Normally, this header is included in most HTTP requests (and preserved across HTTP-level redirects), except in the following scenarios:

After organically entering a new URL into the address bar or opening a bookmarked page.
When the navigation originates from a pseudo-URL document, such as data: or javascript:.
When the request is a result of redirection controlled by the Refresh header (but not a Location-based one).
Whenever the referring site is encrypted but the requested page isn’t. According to RFC 2616 section 15.1.2, this is done for privacy reasons, but it does not make a lot of sense. The Referer string is still disclosed to third parties when one navigates from one encrypted domain to an unrelated encrypted one, and rest assured, the use of encryption is not synonymous with trustworthiness.
If the user decides to block or spoof the header by tweaking browser settings or installing a privacy-oriented plug-in.

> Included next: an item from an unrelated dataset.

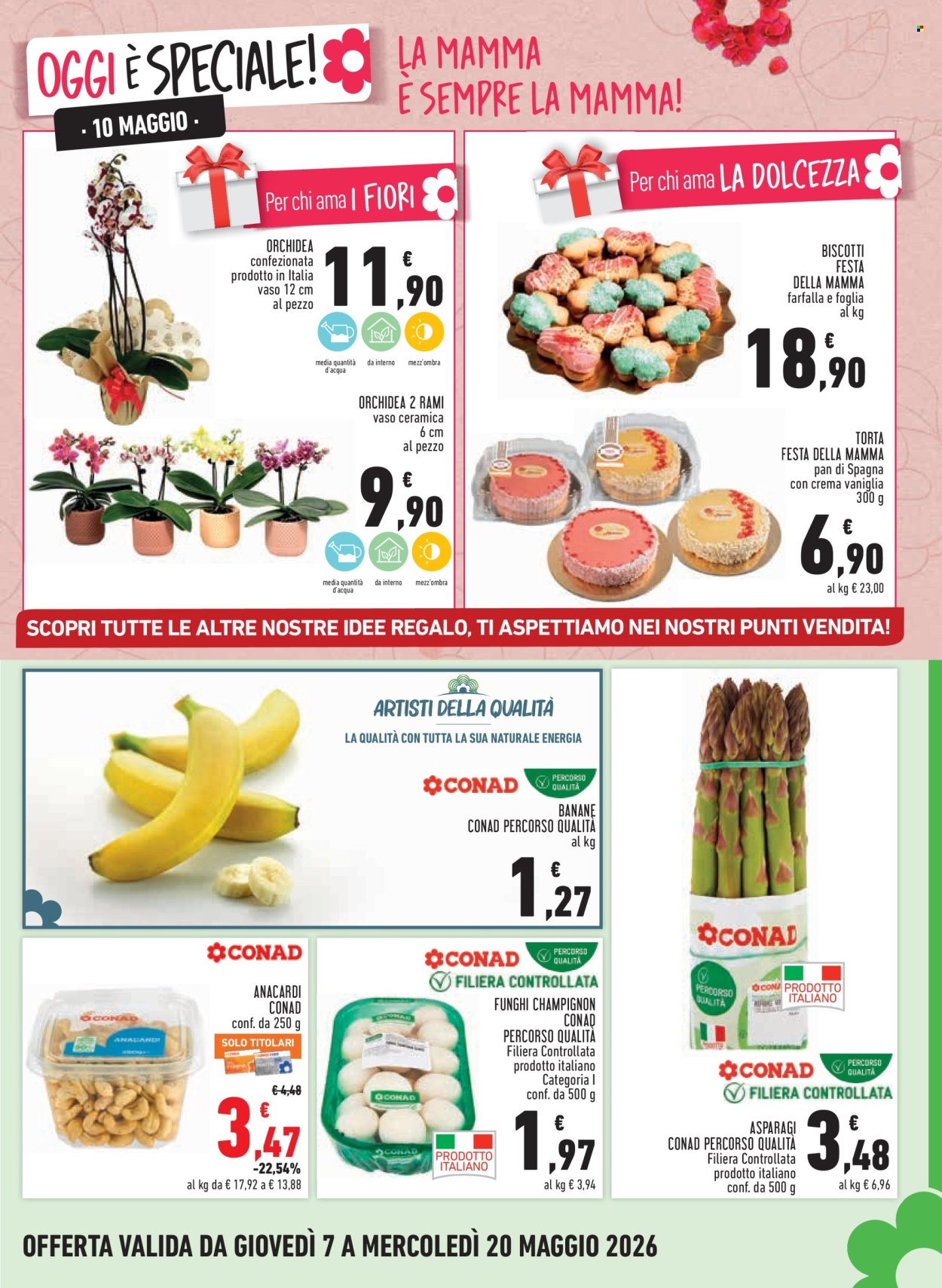 Volantino Conad - 7/5/2026 - 20/5/2026. Pagina 5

As should be apparent, four out of five of these conditions can be purposefully induced by any rogue site.

^[14] Transmission Control Protocol (TCP) is one of the core communications protocols of the Internet, providing the transport layer to any application protocols built on top of it. TCP offers reasonably reliable, peer-acknowledged, ordered, session-based connectivity between networked hosts. In most cases, the protocol is also fairly resilient against blind packet spoofing attacks attempted by other, nonlocal hosts on the Internet.

^[15]MIME type (aka Internet media type) is a simple, two-component value identifying the class and format of any given computer file. The concept originated in RFC 2045 and RFC 2046, where it served as a way to describe email attachments. The registry of official values (such as text/plain or audio/mpeg) is currently maintained by IANA, but ad hoc types are fairly common.

^[16]In this case, some HTTP headers supplied by the client may be used internally by the proxy, but they will not be transmitted to the non-HTTP endpoint, which creates some interesting, if non-security-relevant, protocol ambiguities.

^[17]Quoted-printable is a simple encoding scheme that replaces any nonprintable or otherwise illegal characters with the equal sign (=) followed by a 2-digit hexadecimal representation of the 8-bit character value to be encoded. Any stray equal signs in the input text must be replaced with “=3D” as well.

^[18]Base64 is a non-human-readable encoding that encodes arbitrary 8-bit input using a 6-bit alphabet of case-sensitive alphanumerics, “+”, and “/”. Every 3 bytes of input map to 4 bytes of output. If the input does not end at a 3-byte boundary, this is indicated by appending one or two equal signs at the end of the output string.